3 mars 2011
[Souviens-moi — (suite sans fin).]

De ne pas oublier qu’en faisant glisser mon visage de gauche à droite sur le vitre d’un photocopieur, entre deux cours de fac, j’ai réussi cette fois-là à ne plus me ressembler, ni face ni profil.

De ne pas oublier que, dans l’eau des robinets parisiens, de récentes analyses ont permis de trouver à dose infinitésimale plus de 70 molécules pharmaceutiques, dont en tête de liste, une trace irréductible d’anxiolytique.

De ne pas oublier qu’au 49 rue de Bretagne, en lieu et place de l’actuel supermarché Franprix, il y a eu un cinéma d’Art et d’Essai qui, fin 70, programmait quasi-exclusivement Les yeux de Laura Mars, un film dont l’affiche avait le don de me tétaniser, à tel point qu’il m’a fallu attendre trente ans pour louer le DVD et découvrir Faye Denaway en photographe victime d’hallucinations prémonitoires.

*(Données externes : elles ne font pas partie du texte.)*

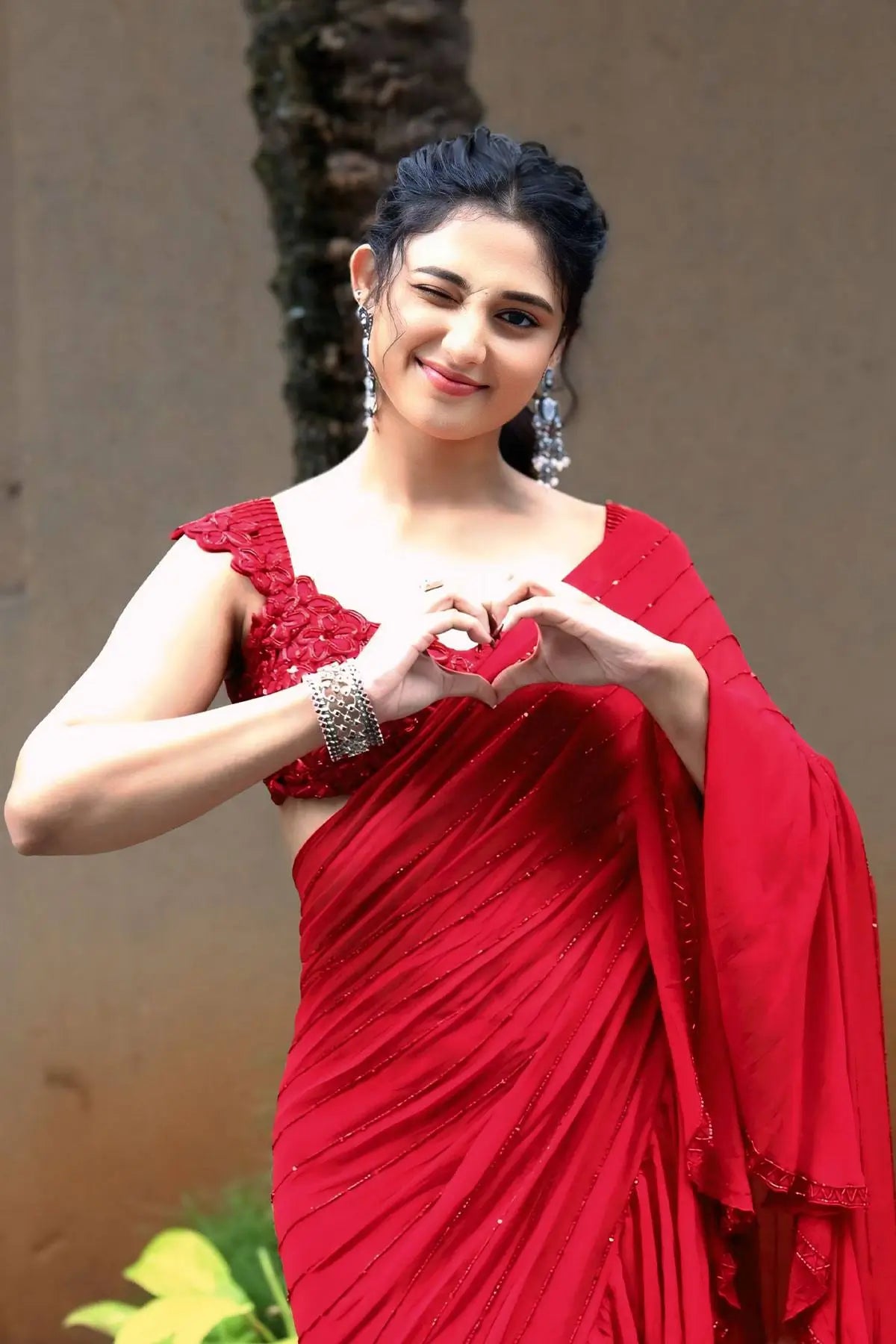 Designer Ruffle Faux Georgette Saree for Party and Wedding Wear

De ne pas oublier que, bien avant l’adolescence, mon fils aurait préféré être noir, et que l’impossibilité de pouvoir jamais changer de peau, du moins à tel point, l’a souvent frustré jusqu’aux larmes.

De ne pas oublier cet air de rap dans les haut-parleurs crachotants du Columbarium du Père-Lachaise, «Moi j’ai pas…», en mémoire de Juliette Lacarra, foudroyée à 17 ans par une méningite aiguë.

De ne pas oublier que mon frère aîné a arrêté de fumer du jour au lendemain, à l’âge où je me contentais de taxer une clope par-ci par là dans la cour du lycée, et que son acte de pure volonté m’a coupé le souffle, fait peur, presque révulsé, au point de m’en sentir à tout jamais incapable.

De ne pas oublier ce jeune peintre de rue qui, lassé d’être payé pour tracer le nom du président du Mali sur des services à thé, ou celui du candidat officiel à la mairie de Kayes, s’était mis à son propre compte, dessinant au pinceau un seul et même message personnel sur chaque petit verre incassable : «Sans la Capote Attention à Toi Sida tue l’amour»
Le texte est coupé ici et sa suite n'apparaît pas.